IMTS は、専用道路を複数台の専用車両が隊列を組んで自動走行し、一般道では手動に切り替えて運転するこができる。これにより、鉄道でいう乗り換えも必要なく、かつ必要な交通需要に応じたフレキシブルな運行が可能になる。


IMTS車両には、新開発のCNG(圧縮天然ガス)エンジンを搭載。
IMTSが実用化されるであろう2010年前後の環境状況をすでに見据えている。

IMTSの研究開発にあたって情報通信担当三吉暹専務は、「これからは社会資本整備や交通環境に目向けなければならない。トヨタは今後、これらのウエイトをあげ全力で取り組む」とし「ITSを知らない人はいまや時代遅れと言われてもしかたない。世界の競争に勝ち残るためにも“情報性能”のアップが必要だ」と説明する。


左からITS開発部長長・尾哲氏、情報通信担当専務三吉暹氏

ITSはクルマ側からのアプローチのみならず、道路側のインフラとが不可分の関係にある。例えば、トヨタが今年(99年)7月から豊田市本社地区で取り組み、近く、多摩ニュータウンでも実験が始まる。EVコミュータシステム“Crayon”。EVコミュータ“E-COM”の共同利用システムだが、専用充電スタンドや配車管理システムなど相当なインフラ整備が不可欠である。

そしてETC(ノンストップ自動料金収受システム)。今年(99年9月)に、トヨタ東名高速道路ETC設備工事を受注しているが、クルマ側の車載システムのみならず、道路側のインフラが要されることを理解できる好例といえる。

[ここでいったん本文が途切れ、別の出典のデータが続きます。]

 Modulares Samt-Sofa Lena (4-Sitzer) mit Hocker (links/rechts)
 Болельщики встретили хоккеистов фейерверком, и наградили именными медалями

この流れを踏まえてIMTSプロジェクトをながめるとトヨタの次世紀のビジョンが見えてくる。そう、トヨタは単なる自動車メーカーというステージにふみとどまらず、道路交通インフラを含めた交通社会全体を担っていこうという新たな野望だ。


自動追従システムによるカルガモ走行

その野望を実現する重要な通過点となるだろうIMTSの実用化について、長尾哲ITS企画部長は「路線の規格化から機種決定と、『10年仕事』になるのではと予想しています。仮にIMTSが導入されると決定しても、そこから用地買収を含めて最低7〜8年はかかることでしょう」とし、前出、三吉専務は「(2005年3月25日から開催予定の)愛知万博の会場間輸送に採用していただき、そこで有用性をアピールしていきたい。そうやって新交通システムとして認知されることで(行政に)認可していただくハードルも低くなる」と今後の展望を明らかにした。